“They’ve gone away across London,” he said. “I guess they’ve got a bigger camp there. Of a night, all over there, Hampstead way, the sky is alive with their lights. It’s like a great city, and in the glare you can just see them moving. By daylight you can’t. But nearer–I haven’t seen them–” (he counted on his fingers) “five days. Then I saw a couple across Hammersmith way carrying something big. And the night before last”–he stopped and spoke impressively–“it was just a matter of lights, but it was something up in the air. I believe they’ve built a flying-machine, and are learning to fly.”
I stopped, on hands and knees, for we had come to the bushes.
“Fly!”
“Yes,” he said, “fly.”
I went on into a little bower, and sat down.
“It is all over with humanity,” I said. “If they can do that they will simply go round the world.”
As if their Heat Ray and Fighting machines were not enough, the Martians have a deep understanding of science and in the weeks post-invasion were able to analyse our environment and create flying machines. Our most seasoned scouts were able to describe this process as they experimented with their machines, sometimes resulting in disaster for the Martian who sat in the hood but with every setback, the hammering within the pit would resume and soon enough a new machine would be created. The Flying Machine crumples easily, possibly due to the lightness of it’s manufacture and most resembles a “flying wing” style craft.
“Across the pit on its farther lip, flat and vast and strange, lay the great flying-machine with which they had been experimenting upon our denser atmosphere when decay and death arrested them.”
The Martian Flying Machine uses compressed air to launch itself into the air with a loud popping sound and further air jets and aerodynamic surfaces to provide forward motion and lift.

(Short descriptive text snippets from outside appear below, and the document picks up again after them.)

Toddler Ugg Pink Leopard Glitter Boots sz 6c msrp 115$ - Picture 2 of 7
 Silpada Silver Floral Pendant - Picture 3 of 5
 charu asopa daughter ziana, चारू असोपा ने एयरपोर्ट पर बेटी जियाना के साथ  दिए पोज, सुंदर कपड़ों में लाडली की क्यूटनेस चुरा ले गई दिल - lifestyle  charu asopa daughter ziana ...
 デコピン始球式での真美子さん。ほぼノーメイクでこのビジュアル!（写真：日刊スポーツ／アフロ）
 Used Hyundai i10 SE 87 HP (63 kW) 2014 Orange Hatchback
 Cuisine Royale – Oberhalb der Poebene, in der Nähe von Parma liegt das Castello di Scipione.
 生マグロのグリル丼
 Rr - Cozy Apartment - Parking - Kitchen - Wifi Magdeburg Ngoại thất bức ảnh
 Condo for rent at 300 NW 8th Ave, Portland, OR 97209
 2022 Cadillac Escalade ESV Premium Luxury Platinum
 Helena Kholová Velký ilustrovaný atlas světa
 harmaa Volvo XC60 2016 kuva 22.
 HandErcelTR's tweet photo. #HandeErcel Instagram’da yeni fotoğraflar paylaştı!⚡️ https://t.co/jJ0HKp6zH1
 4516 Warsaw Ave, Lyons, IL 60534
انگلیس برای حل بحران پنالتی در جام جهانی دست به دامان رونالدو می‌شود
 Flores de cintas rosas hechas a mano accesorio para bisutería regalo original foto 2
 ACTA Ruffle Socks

They cannot hover effectively and are currently limited to strafing runs for deploying Black Smoke and attacking with the Heat Ray, a tactic which has proved thus far to be utterly devastating.
Forward observers have noted the craft are simply too swift to be targetted by normal artillery and even our best riflemen have expressed doubt at whether they could provide an effective hit. Scouts describe the screaming roar of the engines to be as terrifying as the howls of the machines themselves.
Thankfully the range of these terrible air-borne scourges seems to be approximately 50 miles. It would not have delayed their eventual defeat even by a day but should their range have been much greater, we can only imagine the destruction they would have wrought upon us.